I'm sorry, Perl is not a jack of all trades. It is an abhorrent
language for large projects that demand maintainability, and even LW and
TC would agree with that statement. I have three programmers right now
trying to rid our company of thousands of lines of unmaintainable Perl
code. The scariest part is, some of that code is my own, and I am one
of the most anal style programmers at the company (30 character function
names are not uncommon). The problem is, Perl does not scale. You can
write great small programs in it, and I still do, but you cannot grow
the code in any maintainable fashion. One of the programmers is a Perl
fan, but even he agrees that attempting to write this system in Perl was
Perl has its place -- as do Tcl, Python, C++, Scheme, and Self -- and
is great for certain tasks. But, I agree with Ousterhout on this one:
there is no end-all-be-all language out there.

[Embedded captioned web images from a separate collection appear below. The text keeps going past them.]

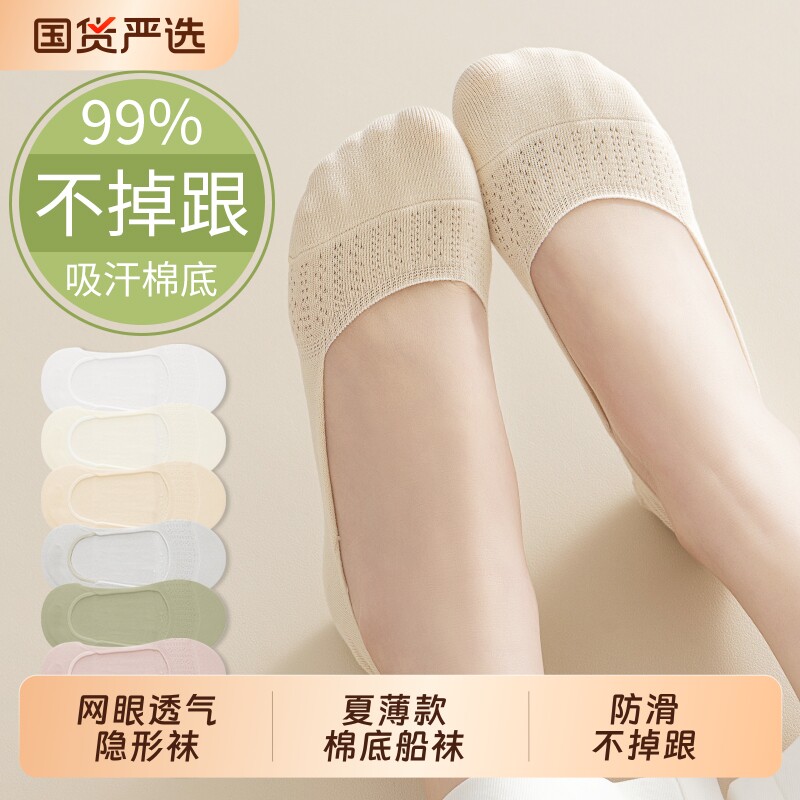 船袜子女夏薄款棉底2026新款爆款网眼防滑不掉跟女士隐形浅口短袜图片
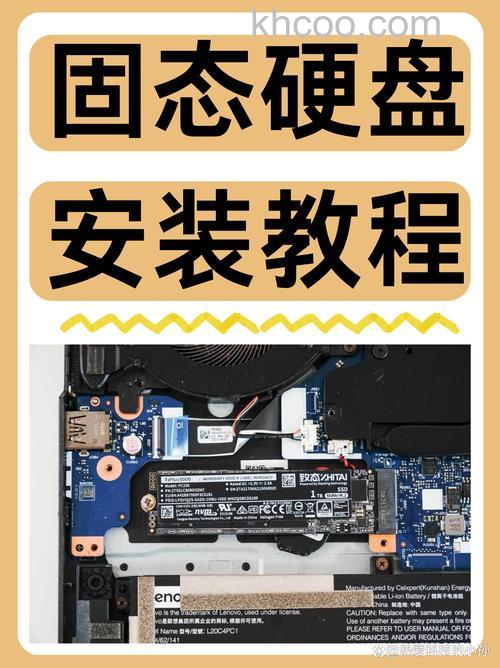 ssd固态硬盘怎么安装 ssd固态硬盘安装方法【详解】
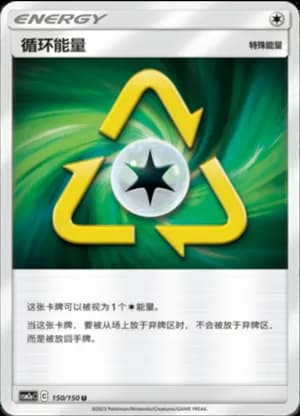 Recycle Energy — U 150/150 (Sun & Moon Era)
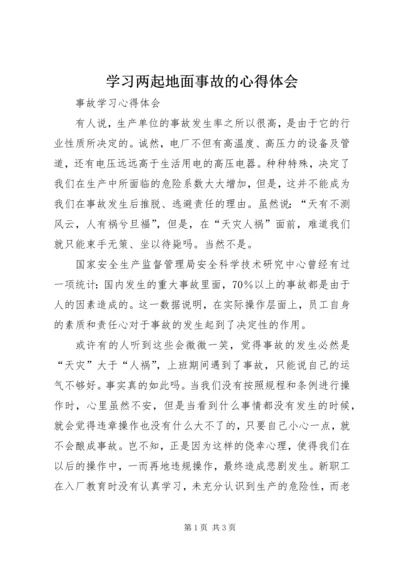 学习两起地面事故的心得体会 (5).docx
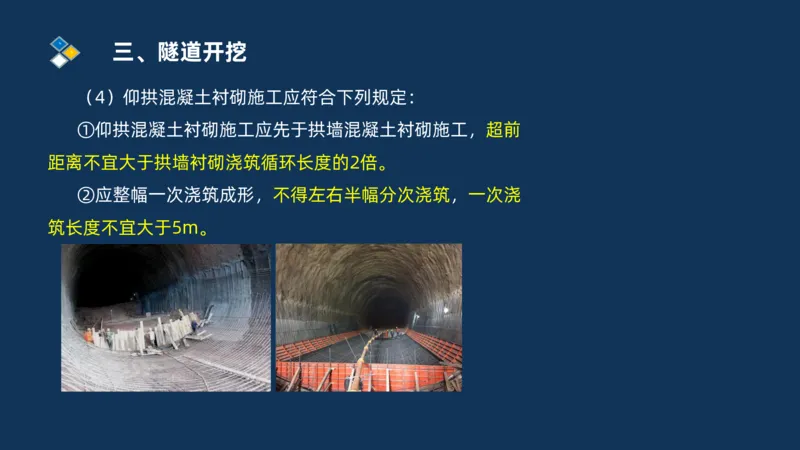 （04）2025交通监理案例分析精讲班-隧道工程_监理工程师_2025监理工程师_2025年监理工程师SVIP_2025年监理交通案例SVIP_02-基础精讲✿高端面授✿深度强化_精讲班课件PDF格式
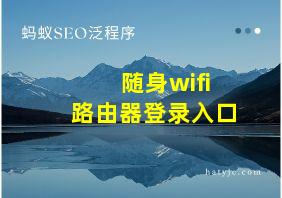 随身wifi路由器登录入口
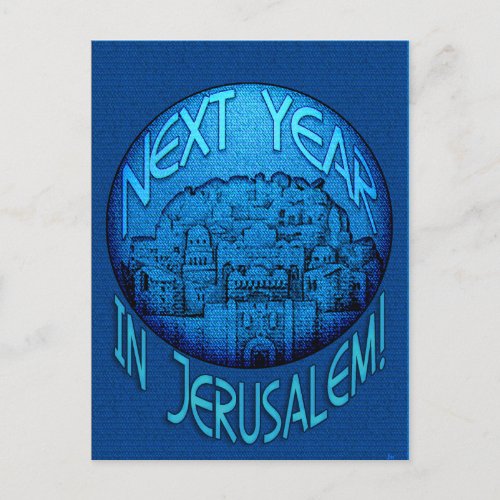 Jerusalem Blue Postcard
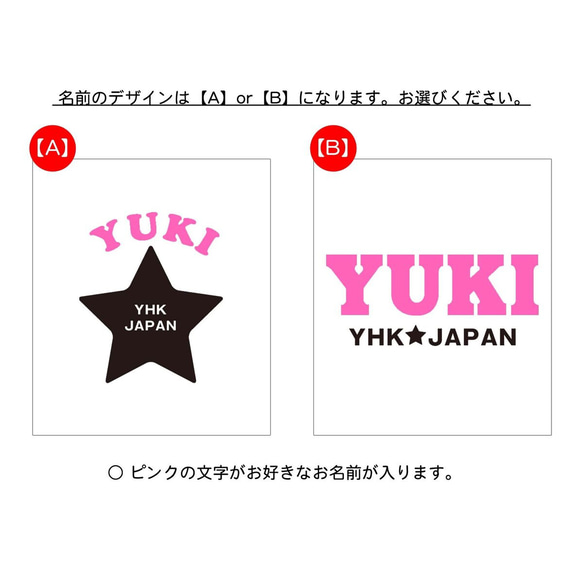 4パターンから選べる！お名前入り★スタイ＆タータンチェック柄かぼちゃパンツ★出産祝い・ギフトセット・プレゼント 4枚目の画像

Now his thing about implementation inheritance not increasing code
reuse, that I have a problem with. I do think that once hierarchies
become too complex, implementation inheritance does become more of a
problem than a benefit, and has the effect JO is talking about. But, if
the OO nature of a language is used to create minimal hierarchies --
many flattened hierarchies, with at most 2 levels, not necessarily
attached to a common root -- I have found that implementation
inheritance can be an incredible, maintainable tool.